# [HOW TO COMPLETE THIS TASK]
Your transcription must include every record word for word and no pictures.

# [ENTRIES PROVIDED]

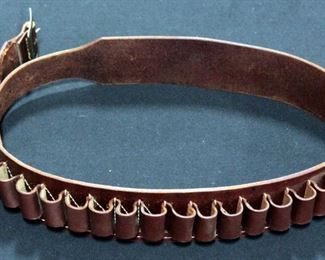 Leather Shotgun Shell Belt, 18 Loop, Size 38/42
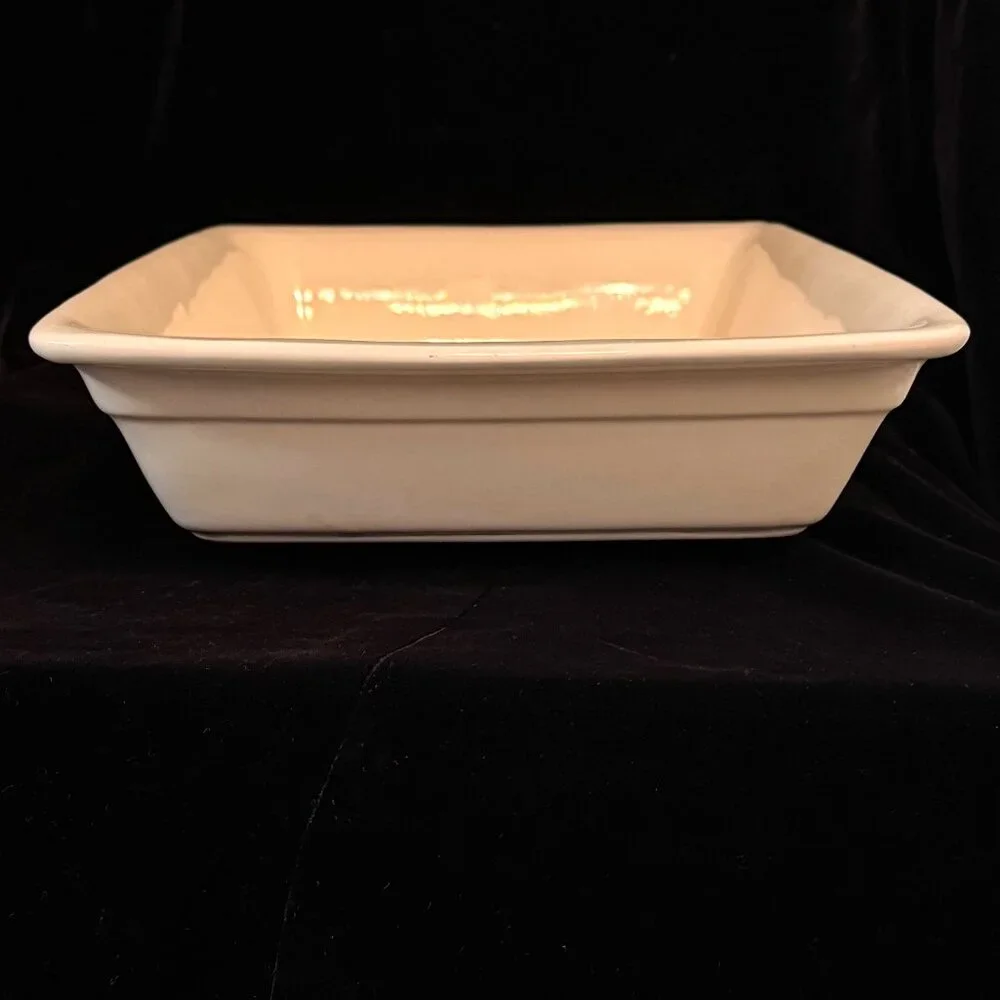 Vintage Bessemer Stoneware Rectangular Deep Pie Dish 13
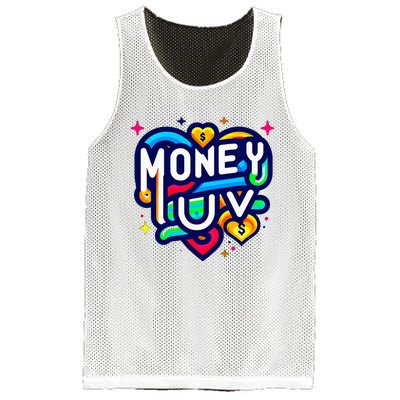 Money Luv Mesh Reversible Basketball Jersey Tank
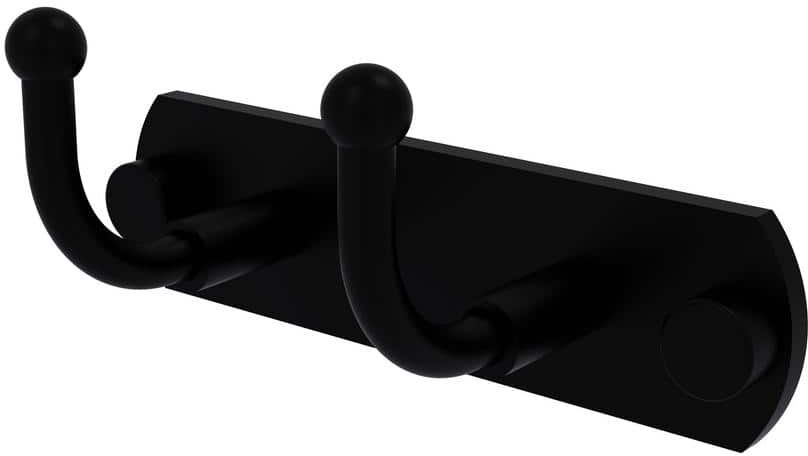 Allied Skyline Collection 2 Position Robe Hook in Matte Black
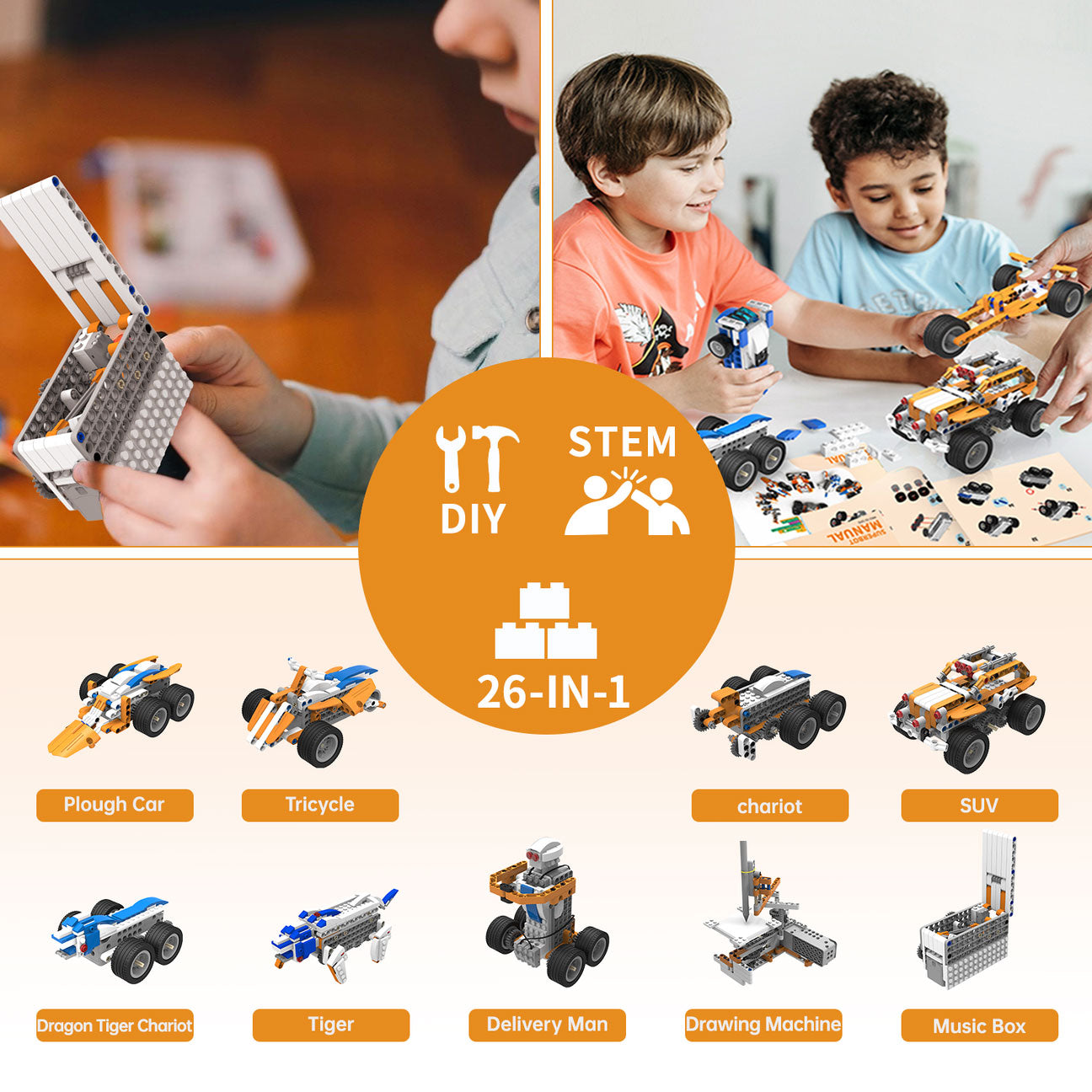 Educational Electronics Makerzoid Superbot Set 26 In 1 Learning Kit K8670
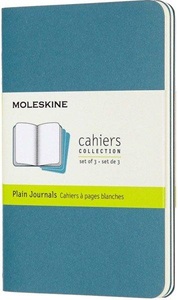 undefined, Moleskine Cahier Notizhefte Blanko, Pocket, A6, Kartoneinband, 3er Set, Lebhaftes Blau, Moleskine Notizbuch, Karton, 3 x P/A6, blanko, lebhaftes blau, 64 Seiten, 629612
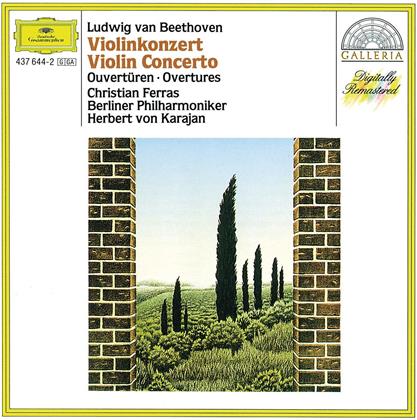 Ludwig van Beethoven (1770-1827), Herbert von Karajan, Christian Ferras & Berliner Philharmoniker - Violinkonzert Ouvertüre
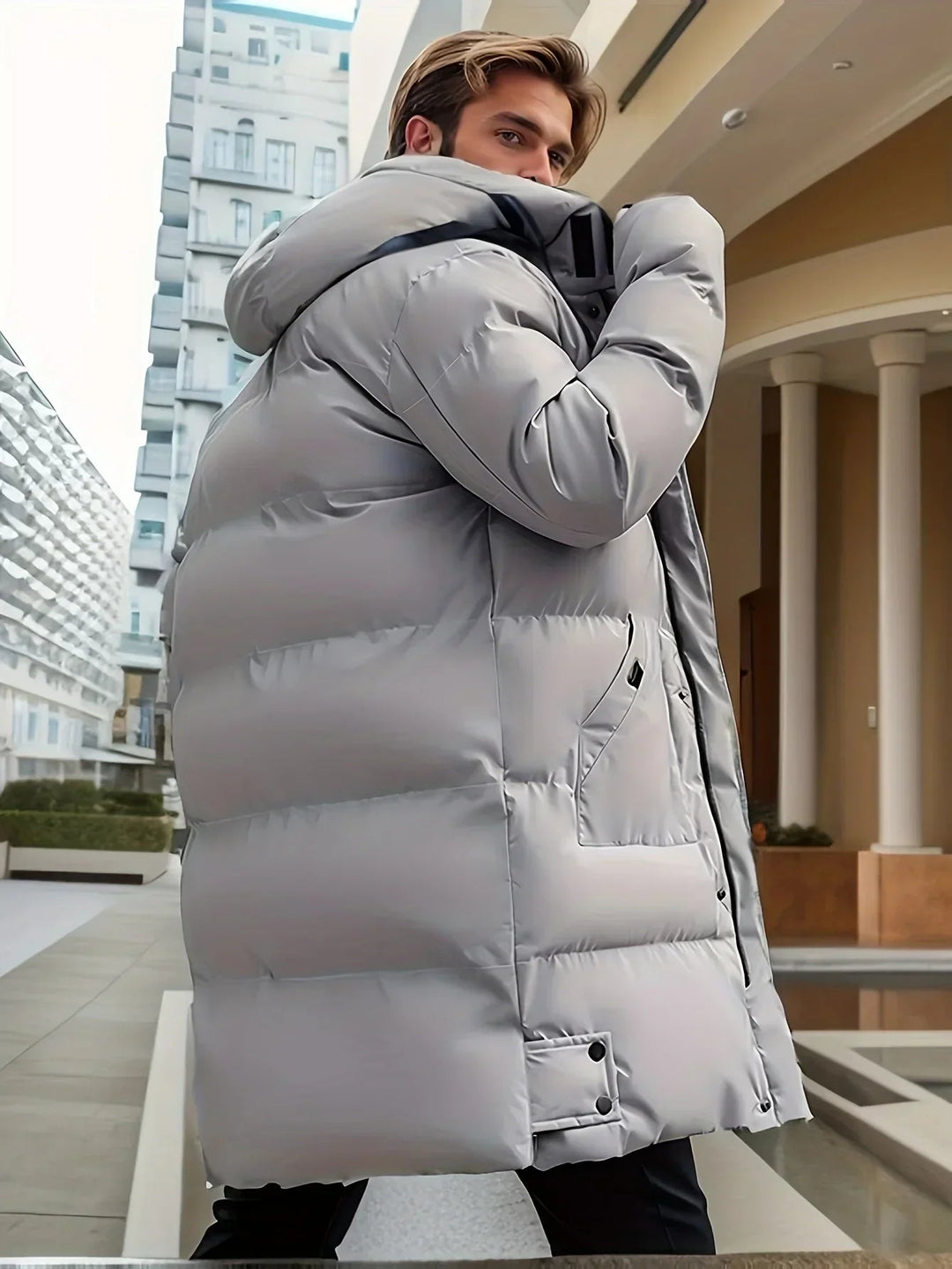 Cappotto Lungo Invernale Resistente Per Uomo | Zelina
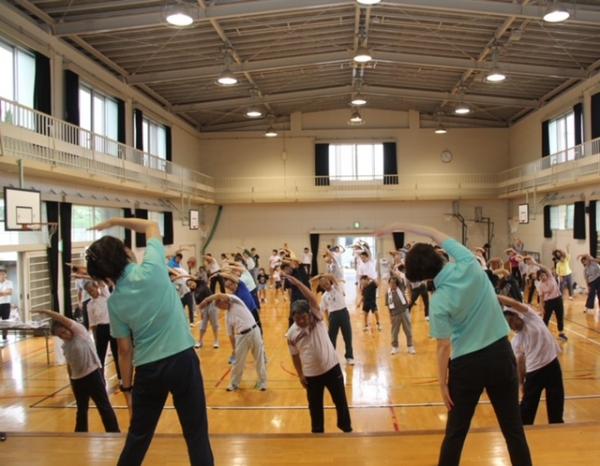 坂出市立坂出小学校 第8回ラジオ体操大会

# [SOLVED EXERCISE]
 Leather Shotgun Shell Belt, 18 Loop, Size 38/42
 Vintage Bessemer Stoneware Rectangular Deep Pie Dish 13
 Money Luv Mesh Reversible Basketball Jersey Tank
 Allied Skyline Collection 2 Position Robe Hook in Matte Black
 Educational Electronics Makerzoid Superbot Set 26 In 1 Learning Kit K8670
 undefined, Moleskine Cahier Notizhefte Blanko, Pocket, A6, Kartoneinband, 3er Set, Lebhaftes Blau, Moleskine Notizbuch, Karton, 3 x P/A6, blanko, lebhaftes blau, 64 Seiten, 629612
 Ludwig van Beethoven (1770-1827), Herbert von Karajan, Christian Ferras & Berliner Philharmoniker - Violinkonzert Ouvertüre
 Cappotto Lungo Invernale Resistente Per Uomo | Zelina
 坂出市立坂出小学校 第8回ラジオ体操大会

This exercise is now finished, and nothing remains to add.